Gardner is working on estimates for the recount costs, but they'll likely be significantly higher than $2,000. Gardner will announce the time and location of the recount after he estimates the total cost and the state has received a payment for that estimate.

The Republican recount is being bankrolled by backers of Paul, the libertarian-minded Texas congressman whose presidential candidacy has become an internet phenomenon. Two Paul supporters, Margaret and Eric Newhouse of Moultonboro, arrived at the secretary of state's office at noon yesterday with a wad of $100 bills totaling $2,000.

The Newhouses they said that an online drive for recount funds has already raised $18,000, and that the $2,000 was some of their own money plus contributions from other Paul supporters.
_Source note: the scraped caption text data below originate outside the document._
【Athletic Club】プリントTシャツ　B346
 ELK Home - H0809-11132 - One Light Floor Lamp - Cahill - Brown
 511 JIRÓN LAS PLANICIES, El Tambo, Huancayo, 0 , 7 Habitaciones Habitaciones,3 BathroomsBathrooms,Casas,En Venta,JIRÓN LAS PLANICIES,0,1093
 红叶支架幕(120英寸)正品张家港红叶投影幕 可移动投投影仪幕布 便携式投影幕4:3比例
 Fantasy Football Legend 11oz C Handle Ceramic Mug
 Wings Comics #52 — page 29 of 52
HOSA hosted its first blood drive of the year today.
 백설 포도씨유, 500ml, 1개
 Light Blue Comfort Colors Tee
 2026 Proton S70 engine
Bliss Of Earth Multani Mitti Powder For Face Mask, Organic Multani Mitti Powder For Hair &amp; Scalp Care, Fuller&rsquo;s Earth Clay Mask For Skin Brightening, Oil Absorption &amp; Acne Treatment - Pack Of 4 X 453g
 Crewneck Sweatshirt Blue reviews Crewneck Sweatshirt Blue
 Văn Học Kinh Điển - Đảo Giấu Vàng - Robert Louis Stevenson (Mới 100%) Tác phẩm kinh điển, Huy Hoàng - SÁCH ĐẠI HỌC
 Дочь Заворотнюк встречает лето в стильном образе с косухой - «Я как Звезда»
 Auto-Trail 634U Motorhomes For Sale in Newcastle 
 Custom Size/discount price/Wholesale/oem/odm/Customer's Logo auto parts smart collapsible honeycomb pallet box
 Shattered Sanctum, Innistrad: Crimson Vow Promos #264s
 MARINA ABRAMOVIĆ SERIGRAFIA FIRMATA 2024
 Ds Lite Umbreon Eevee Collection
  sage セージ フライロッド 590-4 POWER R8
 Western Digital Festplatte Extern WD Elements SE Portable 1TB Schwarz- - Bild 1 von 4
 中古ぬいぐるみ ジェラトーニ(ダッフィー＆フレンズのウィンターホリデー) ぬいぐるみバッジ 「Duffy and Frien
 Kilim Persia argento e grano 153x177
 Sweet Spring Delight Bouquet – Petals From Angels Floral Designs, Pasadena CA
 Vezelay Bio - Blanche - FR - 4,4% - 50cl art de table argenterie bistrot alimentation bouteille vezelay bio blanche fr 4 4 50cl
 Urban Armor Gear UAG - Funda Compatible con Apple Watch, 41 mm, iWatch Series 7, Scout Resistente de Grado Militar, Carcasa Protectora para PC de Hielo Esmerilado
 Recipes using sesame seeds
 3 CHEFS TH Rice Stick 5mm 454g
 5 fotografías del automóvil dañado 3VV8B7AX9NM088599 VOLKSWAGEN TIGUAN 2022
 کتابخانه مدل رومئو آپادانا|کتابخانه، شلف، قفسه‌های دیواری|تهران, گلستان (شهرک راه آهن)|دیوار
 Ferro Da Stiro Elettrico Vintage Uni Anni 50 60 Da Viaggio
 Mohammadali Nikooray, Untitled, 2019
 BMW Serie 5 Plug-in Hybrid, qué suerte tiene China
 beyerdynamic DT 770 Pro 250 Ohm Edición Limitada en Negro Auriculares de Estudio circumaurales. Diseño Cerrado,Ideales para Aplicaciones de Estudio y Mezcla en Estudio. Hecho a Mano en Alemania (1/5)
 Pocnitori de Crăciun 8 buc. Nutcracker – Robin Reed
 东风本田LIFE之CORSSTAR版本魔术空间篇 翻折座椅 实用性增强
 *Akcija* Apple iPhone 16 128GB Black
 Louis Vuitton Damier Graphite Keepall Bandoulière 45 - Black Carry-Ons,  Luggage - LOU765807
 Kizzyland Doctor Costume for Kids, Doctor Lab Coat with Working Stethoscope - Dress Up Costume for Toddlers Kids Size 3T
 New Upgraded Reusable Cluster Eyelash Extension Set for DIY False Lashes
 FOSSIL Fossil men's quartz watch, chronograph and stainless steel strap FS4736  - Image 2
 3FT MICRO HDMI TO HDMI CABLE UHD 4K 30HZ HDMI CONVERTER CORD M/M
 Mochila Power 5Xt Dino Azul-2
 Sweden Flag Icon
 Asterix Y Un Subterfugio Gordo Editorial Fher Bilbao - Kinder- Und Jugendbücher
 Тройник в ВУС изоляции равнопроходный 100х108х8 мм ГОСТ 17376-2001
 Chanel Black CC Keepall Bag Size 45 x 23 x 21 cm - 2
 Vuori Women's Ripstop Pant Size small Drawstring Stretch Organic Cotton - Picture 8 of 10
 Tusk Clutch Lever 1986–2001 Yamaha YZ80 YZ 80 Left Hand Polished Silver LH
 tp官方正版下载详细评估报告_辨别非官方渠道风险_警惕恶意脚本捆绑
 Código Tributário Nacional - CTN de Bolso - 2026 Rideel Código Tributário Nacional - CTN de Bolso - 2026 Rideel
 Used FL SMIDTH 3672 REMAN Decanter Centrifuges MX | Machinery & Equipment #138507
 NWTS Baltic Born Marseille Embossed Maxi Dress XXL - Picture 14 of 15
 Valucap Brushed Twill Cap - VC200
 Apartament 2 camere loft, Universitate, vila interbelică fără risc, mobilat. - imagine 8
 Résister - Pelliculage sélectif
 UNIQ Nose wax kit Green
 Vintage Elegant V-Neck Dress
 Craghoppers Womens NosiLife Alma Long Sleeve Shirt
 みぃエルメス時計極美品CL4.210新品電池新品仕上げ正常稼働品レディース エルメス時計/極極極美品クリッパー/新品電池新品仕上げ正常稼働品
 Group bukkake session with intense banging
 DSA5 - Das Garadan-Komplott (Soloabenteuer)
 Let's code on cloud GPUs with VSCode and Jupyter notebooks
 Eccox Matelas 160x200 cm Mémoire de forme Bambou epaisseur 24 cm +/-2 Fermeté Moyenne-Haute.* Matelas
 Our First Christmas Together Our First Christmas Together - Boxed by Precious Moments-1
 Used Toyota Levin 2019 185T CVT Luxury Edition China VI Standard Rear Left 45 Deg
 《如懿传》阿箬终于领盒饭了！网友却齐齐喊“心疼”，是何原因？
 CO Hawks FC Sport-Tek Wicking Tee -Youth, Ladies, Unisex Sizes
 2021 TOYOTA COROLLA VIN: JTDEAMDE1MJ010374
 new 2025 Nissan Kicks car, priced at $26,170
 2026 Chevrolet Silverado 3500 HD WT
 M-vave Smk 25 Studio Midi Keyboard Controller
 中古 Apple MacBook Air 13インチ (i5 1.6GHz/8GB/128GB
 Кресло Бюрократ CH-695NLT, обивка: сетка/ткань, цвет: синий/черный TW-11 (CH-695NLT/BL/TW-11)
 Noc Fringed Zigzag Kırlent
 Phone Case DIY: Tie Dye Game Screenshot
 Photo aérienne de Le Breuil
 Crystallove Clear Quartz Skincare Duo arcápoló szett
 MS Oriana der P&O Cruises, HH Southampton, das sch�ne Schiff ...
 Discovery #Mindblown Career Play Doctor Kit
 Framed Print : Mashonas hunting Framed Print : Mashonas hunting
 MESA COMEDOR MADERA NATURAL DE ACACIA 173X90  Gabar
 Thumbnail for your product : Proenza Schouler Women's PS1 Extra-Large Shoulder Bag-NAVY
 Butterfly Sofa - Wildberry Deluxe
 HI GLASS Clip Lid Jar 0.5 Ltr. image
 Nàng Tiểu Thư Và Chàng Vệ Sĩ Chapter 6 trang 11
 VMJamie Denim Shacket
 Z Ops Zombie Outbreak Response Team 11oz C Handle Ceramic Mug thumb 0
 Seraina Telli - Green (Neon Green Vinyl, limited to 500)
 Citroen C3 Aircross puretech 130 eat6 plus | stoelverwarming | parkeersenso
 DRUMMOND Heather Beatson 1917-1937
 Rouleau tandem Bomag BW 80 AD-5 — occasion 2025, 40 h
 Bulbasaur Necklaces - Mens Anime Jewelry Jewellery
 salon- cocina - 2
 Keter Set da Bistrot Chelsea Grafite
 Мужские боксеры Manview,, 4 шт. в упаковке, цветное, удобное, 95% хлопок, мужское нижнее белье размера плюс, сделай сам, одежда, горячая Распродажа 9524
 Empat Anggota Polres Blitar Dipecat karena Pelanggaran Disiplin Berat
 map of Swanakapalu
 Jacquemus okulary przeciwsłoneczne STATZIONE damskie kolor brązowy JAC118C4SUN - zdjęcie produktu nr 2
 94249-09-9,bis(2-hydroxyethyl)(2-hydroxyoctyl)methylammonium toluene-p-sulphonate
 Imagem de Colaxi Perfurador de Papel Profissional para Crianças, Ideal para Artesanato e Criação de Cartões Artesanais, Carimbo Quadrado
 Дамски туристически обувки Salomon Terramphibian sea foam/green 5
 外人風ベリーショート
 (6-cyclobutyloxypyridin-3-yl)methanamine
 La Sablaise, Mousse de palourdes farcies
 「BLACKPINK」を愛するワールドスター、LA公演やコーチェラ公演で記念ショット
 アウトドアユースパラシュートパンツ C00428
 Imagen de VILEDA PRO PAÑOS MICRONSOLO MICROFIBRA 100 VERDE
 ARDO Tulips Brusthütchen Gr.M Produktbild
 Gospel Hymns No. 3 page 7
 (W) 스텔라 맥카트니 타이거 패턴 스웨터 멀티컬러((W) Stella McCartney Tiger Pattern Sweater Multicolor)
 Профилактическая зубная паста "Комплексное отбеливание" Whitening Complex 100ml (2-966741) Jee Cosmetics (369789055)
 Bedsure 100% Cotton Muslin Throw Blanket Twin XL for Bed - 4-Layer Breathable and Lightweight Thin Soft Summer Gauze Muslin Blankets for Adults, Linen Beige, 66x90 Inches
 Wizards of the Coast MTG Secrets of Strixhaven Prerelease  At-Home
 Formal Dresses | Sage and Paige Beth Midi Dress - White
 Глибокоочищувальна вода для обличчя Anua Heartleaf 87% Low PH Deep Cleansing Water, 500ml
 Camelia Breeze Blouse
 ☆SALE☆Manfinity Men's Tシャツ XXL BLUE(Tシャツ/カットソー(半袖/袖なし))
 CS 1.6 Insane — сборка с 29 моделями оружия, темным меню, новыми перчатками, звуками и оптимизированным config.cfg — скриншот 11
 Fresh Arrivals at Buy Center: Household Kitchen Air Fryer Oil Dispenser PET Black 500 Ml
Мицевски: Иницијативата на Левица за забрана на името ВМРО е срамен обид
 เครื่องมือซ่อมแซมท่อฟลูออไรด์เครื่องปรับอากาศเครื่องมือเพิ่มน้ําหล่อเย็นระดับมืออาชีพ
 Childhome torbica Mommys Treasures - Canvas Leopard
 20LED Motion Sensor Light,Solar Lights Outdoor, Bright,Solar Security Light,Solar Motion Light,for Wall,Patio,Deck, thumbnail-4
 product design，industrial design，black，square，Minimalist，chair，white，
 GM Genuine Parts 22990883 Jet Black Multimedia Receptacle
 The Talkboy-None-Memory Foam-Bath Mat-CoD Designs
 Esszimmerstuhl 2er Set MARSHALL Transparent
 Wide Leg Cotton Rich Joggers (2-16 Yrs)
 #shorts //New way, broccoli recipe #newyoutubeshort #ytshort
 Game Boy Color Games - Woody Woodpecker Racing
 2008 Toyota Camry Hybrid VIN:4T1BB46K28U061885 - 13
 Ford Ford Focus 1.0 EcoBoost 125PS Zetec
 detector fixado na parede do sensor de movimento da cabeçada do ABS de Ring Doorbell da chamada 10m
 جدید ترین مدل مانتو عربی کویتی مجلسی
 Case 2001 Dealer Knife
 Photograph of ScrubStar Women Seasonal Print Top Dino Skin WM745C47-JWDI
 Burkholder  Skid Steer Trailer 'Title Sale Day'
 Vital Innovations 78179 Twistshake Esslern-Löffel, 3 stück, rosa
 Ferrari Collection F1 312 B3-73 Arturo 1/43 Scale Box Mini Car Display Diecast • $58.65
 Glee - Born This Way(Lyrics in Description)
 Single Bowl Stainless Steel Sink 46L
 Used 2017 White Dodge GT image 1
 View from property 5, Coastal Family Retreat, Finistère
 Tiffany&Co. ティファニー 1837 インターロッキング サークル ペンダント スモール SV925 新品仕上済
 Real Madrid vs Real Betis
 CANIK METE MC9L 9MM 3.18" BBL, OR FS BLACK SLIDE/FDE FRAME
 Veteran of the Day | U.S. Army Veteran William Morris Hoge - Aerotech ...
Kucinich's request for a recount came amid considerable internet speculation about the discrepancy between results of ballots counted by hand and those counted electronically. Bloggers and voters have pointed to Clinton's lead over Obama in towns where ballots were machine-counted as evidence of possible vote tampering.

"I am not making this request in the expectation that a recount will significantly affect the number of votes that were cast on my behalf," Kucinich wrote, according to a press release. But "serious and credible reports, allegations and rumors have surfaced in the past few days. . . . It is imperative that these questions be addressed in the interest of public confidence in the integrity of the election process and the election machinery - not just in New Hampshire, but in every other state that conducts a primary election."

In a letter to the Monitor, Alton residents Nick and Patty Diliberto also questioned the results. "In cities and towns that counted ballots by hand. . . . Obama came out the winner, 39 to 36 percent," compared with communities with machine counts, where Clinton led, they wrote. Voting machines "can be hacked into and votes can be flipped. A hand recount of all ballots might reveal a different outcome."

But speculation about the disparity in the vote counts overlooks a crucial fact, said Dante Scala, an associate professor of political science at the University of New Hampshire.

"People expected Clinton to do well in cities, blue-collar cities, many of which have these automated balloting," Scala said. "And towns, where Obama was expected to do better, do hand counts, because they don't have the electronic machines." Cities where Clinton won convincingly - such as Manchester, Somersworth, Rochester, Nashua and Berlin - all rely on electronic counting.

"The people who are espousing all these theories have no understanding of the New Hampshire electorate, so they leap on these things," Scala said. He added that such recounts will only "strengthen the credibility of New Hampshire's system."

An Obama spokesman didn't return a phone call yesterday.

On the Republican side, the Newhouses said they were spurred to action by concerns about the integrity of Diebold voting machines plus word that some 31 votes for Paul were not at first recorded in the town of Sutton. (State officials say the votes were counted but were not originally passed on to the state due to a transcription error.)

"That's pretty huge," said Eric Newhouse, a carpenter and father of five who brought a videotape to record him handing the money over.

They hoped the recount in New Hampshire would be watched across the country.

"If we can prove something with the election voting machines in this state, we've changed this entire election," said Newhouse, who deemed the recount fee "the best money I've ever spent in my life."

Paul spokeswoman Kate Rick didn't return a phone call yesterday.

Howard said he grew concerned watching the results roll in on C-SPAN on Tuesday. With 12 percent of the precincts counted, Howard said, C-SPAN showed he had 150 votes, then 187. Suddenly, Howard said, his name disappeared and his vote total dipped down to 30.

"I was actually ahead of Alan Keyes for a while," Howard said. "That's what triggered some real emotion in me."

According to unofficial tallies, Howard won 44 votes in the primary. Keyes snagged 203.